**Task:**
Return all records exactly. Nothing may be added.

Recorded information below:

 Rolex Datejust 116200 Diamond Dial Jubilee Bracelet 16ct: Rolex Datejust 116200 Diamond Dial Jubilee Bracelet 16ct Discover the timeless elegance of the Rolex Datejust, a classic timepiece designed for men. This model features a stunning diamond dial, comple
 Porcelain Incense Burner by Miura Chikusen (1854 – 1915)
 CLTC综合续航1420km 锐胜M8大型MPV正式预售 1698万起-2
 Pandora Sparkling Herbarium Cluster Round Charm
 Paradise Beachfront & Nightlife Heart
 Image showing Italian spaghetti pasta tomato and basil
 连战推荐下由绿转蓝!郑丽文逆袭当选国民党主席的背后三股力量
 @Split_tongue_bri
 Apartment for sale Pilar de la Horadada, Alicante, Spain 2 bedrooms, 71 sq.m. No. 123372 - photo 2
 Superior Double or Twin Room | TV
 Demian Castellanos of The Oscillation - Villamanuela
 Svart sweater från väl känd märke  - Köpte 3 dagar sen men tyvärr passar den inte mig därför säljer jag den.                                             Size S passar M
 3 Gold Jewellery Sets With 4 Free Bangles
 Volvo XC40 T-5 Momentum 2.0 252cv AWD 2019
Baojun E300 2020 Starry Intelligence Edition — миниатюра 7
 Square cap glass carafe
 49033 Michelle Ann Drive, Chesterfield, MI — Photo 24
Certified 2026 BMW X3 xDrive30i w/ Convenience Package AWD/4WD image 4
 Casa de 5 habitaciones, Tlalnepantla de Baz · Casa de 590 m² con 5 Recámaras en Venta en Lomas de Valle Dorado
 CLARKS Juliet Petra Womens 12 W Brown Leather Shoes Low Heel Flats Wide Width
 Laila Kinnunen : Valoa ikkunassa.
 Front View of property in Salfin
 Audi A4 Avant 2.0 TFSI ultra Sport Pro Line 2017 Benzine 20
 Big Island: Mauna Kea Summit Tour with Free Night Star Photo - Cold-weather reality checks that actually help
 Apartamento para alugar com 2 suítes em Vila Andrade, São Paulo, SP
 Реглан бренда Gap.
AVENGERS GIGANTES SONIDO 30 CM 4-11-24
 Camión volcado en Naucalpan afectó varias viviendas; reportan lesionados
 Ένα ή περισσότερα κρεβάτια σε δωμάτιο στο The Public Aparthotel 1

End of Recorded information.

**Written solution:**
 Rolex Datejust 116200 Diamond Dial Jubilee Bracelet 16ct: Rolex Datejust 116200 Diamond Dial Jubilee Bracelet 16ct Discover the timeless elegance of the Rolex Datejust, a classic timepiece designed for men. This model features a stunning diamond dial, comple
 Porcelain Incense Burner by Miura Chikusen (1854 – 1915)
 CLTC综合续航1420km 锐胜M8大型MPV正式预售 1698万起-2
 Pandora Sparkling Herbarium Cluster Round Charm
 Paradise Beachfront & Nightlife Heart
 Image showing Italian spaghetti pasta tomato and basil
 连战推荐下由绿转蓝!郑丽文逆袭当选国民党主席的背后三股力量
 @Split_tongue_bri
 Apartment for sale Pilar de la Horadada, Alicante, Spain 2 bedrooms, 71 sq.m. No. 123372 - photo 2
 Superior Double or Twin Room | TV
 Demian Castellanos of The Oscillation - Villamanuela
 Svart sweater från väl känd märke  - Köpte 3 dagar sen men tyvärr passar den inte mig därför säljer jag den.                                             Size S passar M
 3 Gold Jewellery Sets With 4 Free Bangles
 Volvo XC40 T-5 Momentum 2.0 252cv AWD 2019
Baojun E300 2020 Starry Intelligence Edition — миниатюра 7
 Square cap glass carafe
 49033 Michelle Ann Drive, Chesterfield, MI — Photo 24
Certified 2026 BMW X3 xDrive30i w/ Convenience Package AWD/4WD image 4
 Casa de 5 habitaciones, Tlalnepantla de Baz · Casa de 590 m² con 5 Recámaras en Venta en Lomas de Valle Dorado
 CLARKS Juliet Petra Womens 12 W Brown Leather Shoes Low Heel Flats Wide Width
 Laila Kinnunen : Valoa ikkunassa.
 Front View of property in Salfin
 Audi A4 Avant 2.0 TFSI ultra Sport Pro Line 2017 Benzine 20
 Big Island: Mauna Kea Summit Tour with Free Night Star Photo - Cold-weather reality checks that actually help
 Apartamento para alugar com 2 suítes em Vila Andrade, São Paulo, SP
 Реглан бренда Gap.
AVENGERS GIGANTES SONIDO 30 CM 4-11-24
 Camión volcado en Naucalpan afectó varias viviendas; reportan lesionados
 Ένα ή περισσότερα κρεβάτια σε δωμάτιο στο The Public Aparthotel 1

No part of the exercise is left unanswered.